USA – Following the introduction of a new grain inspection legislation that seeks to enhance certainty and customer service, the National Grain and Feed Association (NGFA) said it ratifies the idea.

The legislation reinforced congressional intent regarding the official grain inspection exceptions process for domestic facilities within the grain, feed and processing industry.

It provides domestic grain-handling facilities with the incentive to restore official inspection service agreements they previously had with USDA-approved official grain inspection providers.

This follows the reauthorization of the U.S. Grain Standards Act that exempted domestic shipments from inspection and weighing.

The US Grain Standards Act (USGSA) required that exported grains and oilseeds be officially inspected and weighed in order to ensure that high-quality grains are marketed.
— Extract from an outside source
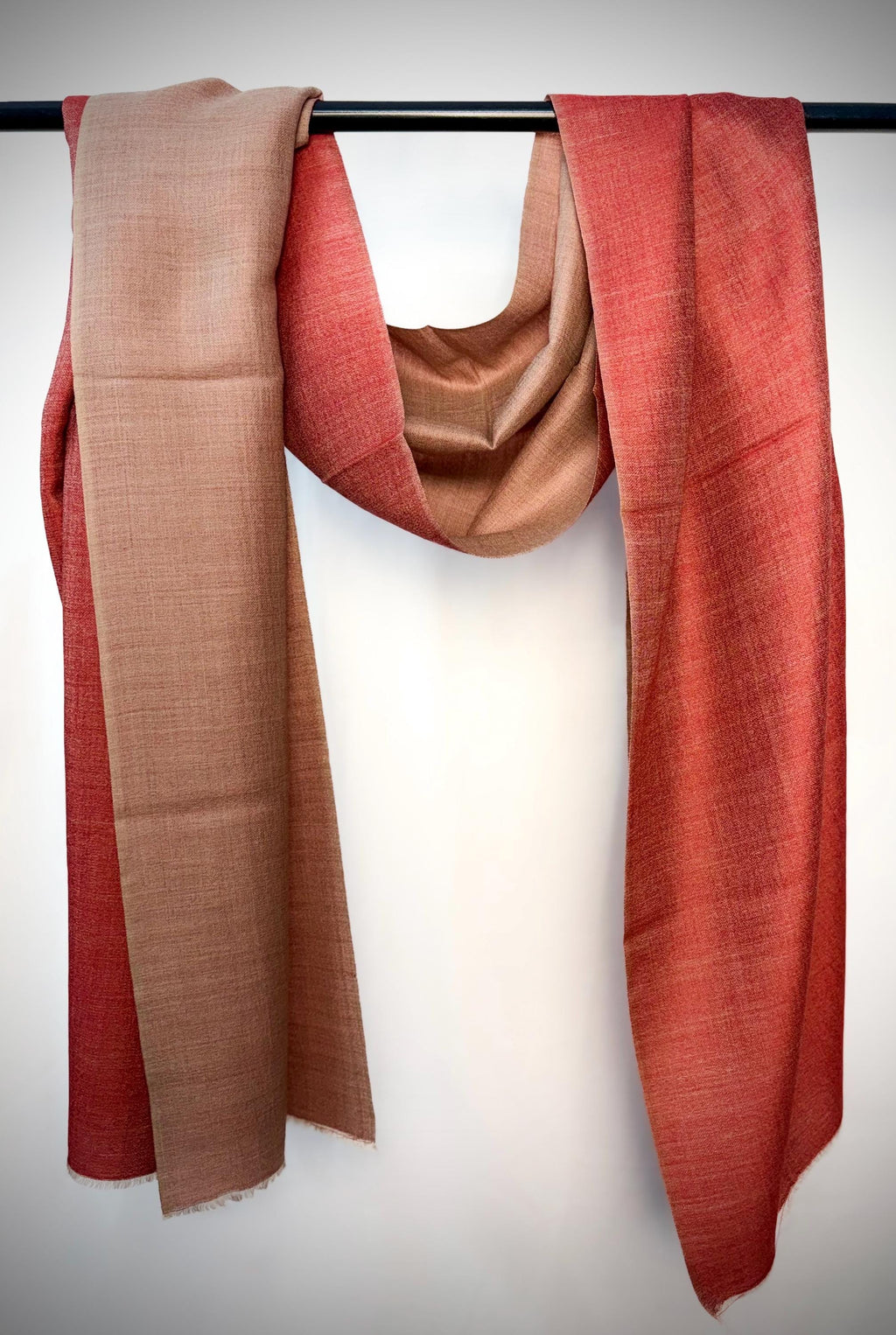 Two scarves in red and brown hanging on a rod against a white background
After realignment of agencies along more functional lines based on revised regulations under the Agriculture Reauthorization Act of 2015, it was realized that the revision was used by Federal Grain Inspection Service (FGIS) to allow incumbent providers designated by the agency to perform official inspections within USDA-established geographic territories.

As a result, FGIS revoked dozens of existing service agreements, disrupting long-standing, well-functining agreements to provide official inspections.

The problem affected facilities that utilized official grain inspection services throughout the domestic agricultural supply chain.

The legislation remedies the problem by reinforcing congressional intent by allowing facilities to restore prior non-use service agreements terminated by FGIS that previously were in place with official inspection providers.

“U.S. competitiveness in domestic and global markets benefits when FGIS and its designated service providers perform market-responsive official inspection and weighing of bulk grains and oilseeds in a reliable and uninterrupted manner,” said Randy Gordon, president and chief executive officer of the NGFA.

He added that the legislation would restore cost-effective and efficient official grain inspection relationships that previously existed within the domestic trade and which had been working well.